Article image

Scientists are making vaccines easier to swallow

Like all the other vaccines, the revolutionary mRNA vaccines need to be injected. This can be a hurdle for many people who fear needles. A research team led by the Massachusetts Institute of Technology (MIT) has recently developed a way of delivering RNA in a capsule that can be easily swallowed, hoping that this new technology could make more people receptive to vaccination.

Moreover, in addition to making vaccines easier to tolerate, this approach could also be employed to deliver other types of therapeutic RNA or DNA directly into the digestive tract and treat a variety of gastrointestinal diseases such as ulcers.

“Nucleic acids, in particular RNA, can be extremely sensitive to degradation particularly in the digestive tract. Overcoming this challenge opens up multiple approaches to therapy, including potential vaccination through the oral route,” said study senior author Giovanni Traverso, an expert in Biomedical Engineering at MIT and a gastroenterologist at Brigham and Women’s Hospital in Boston.

In their new experimental study, Professor Traverso and his colleagues managed to develop a capsule that could deliver up to 150 micrograms of RNA (which is more than the amount used in COVID-19 vaccines) in the stomach of pigs. This research is built upon previous studies in which they developed new ways to deliver solid drugs, such as insulin, into the lining of the stomach.

Since nucleic acids are susceptible to degradation when entering the body, they need to be carried by protective particles. The scientists developed a new type of polymer called poly(beta-amino esters), which seemed to be much more effective than linear polymers at protecting nucleic acids and delivering them into cells. They also discovered that using two of these polymers together was more effective than using only one. 

“We made a library of branched, hybrid poly(beta-amino esters), and we found that the lead polymers within them would do better than the lead polymers within the linear library,” explained study co-author Ameya Kirtane, a postdoctoral fellow at MIT. “What that allows us to do now is to reduce the total amount of nanoparticles that we are administering.”

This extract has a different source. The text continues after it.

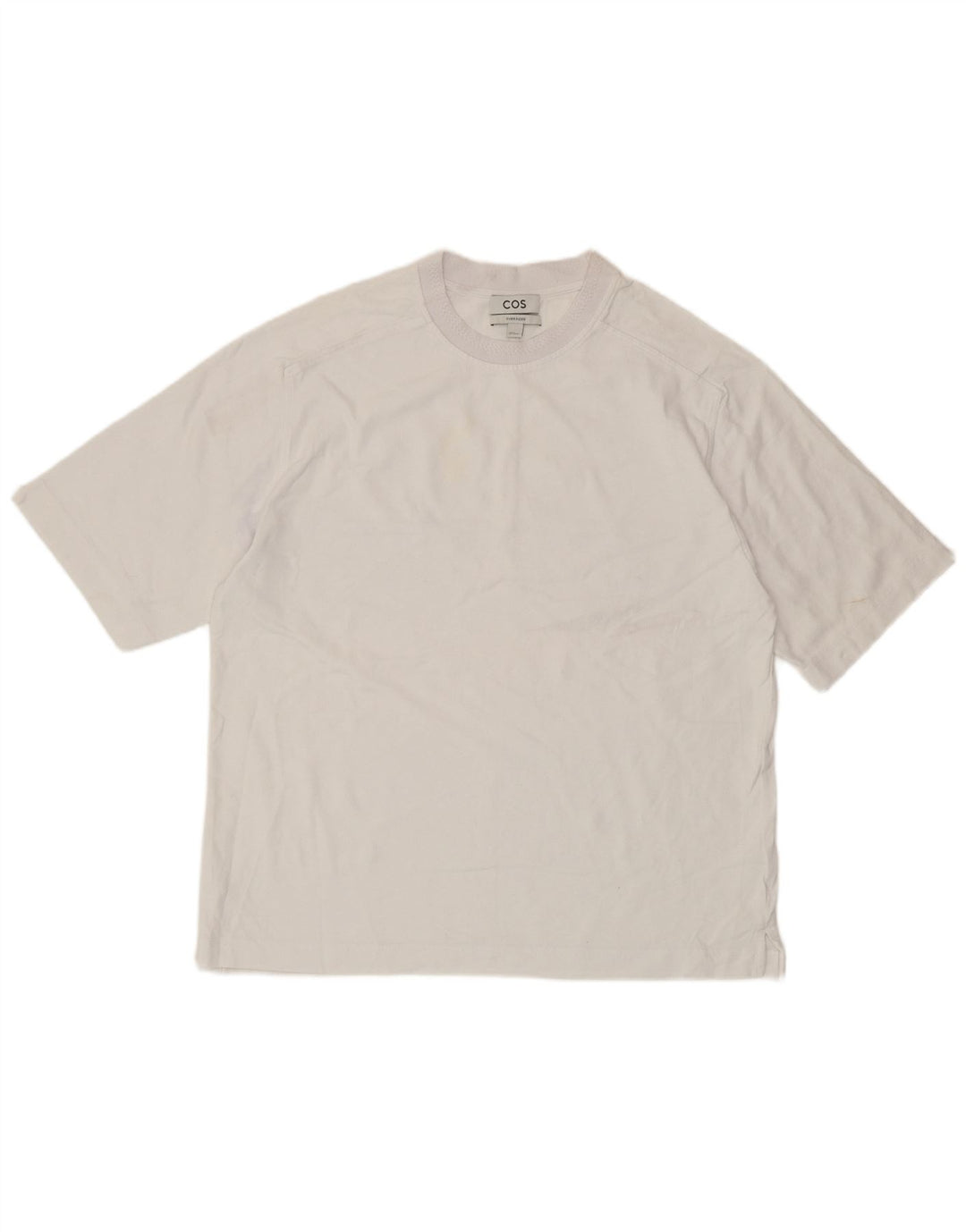 COS Męski T-shirt oversize, mały, biały, bawełniany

Although the reporter proteins showing that cells have been successful in absorbing RNA have been detected in pigs’ stomachs after the delivery of the capsules, they have not been found elsewhere in their organisms. Further experimental research is needed to manage to increase RNA uptake in other organs, by changing the composition of the nanoparticles or providing larger doses. 

However, scientists believe that it may also be possible to generate strong immune responses with delivery only to the stomach. “There are many immune cells in the gastrointestinal tract, and stimulating the immune system of the gastrointestinal tract is a known way of creating an immune response,” said study lead author Alex Abramson, a postdoctoral researcher at MIT.

The study is published in the journal Matter.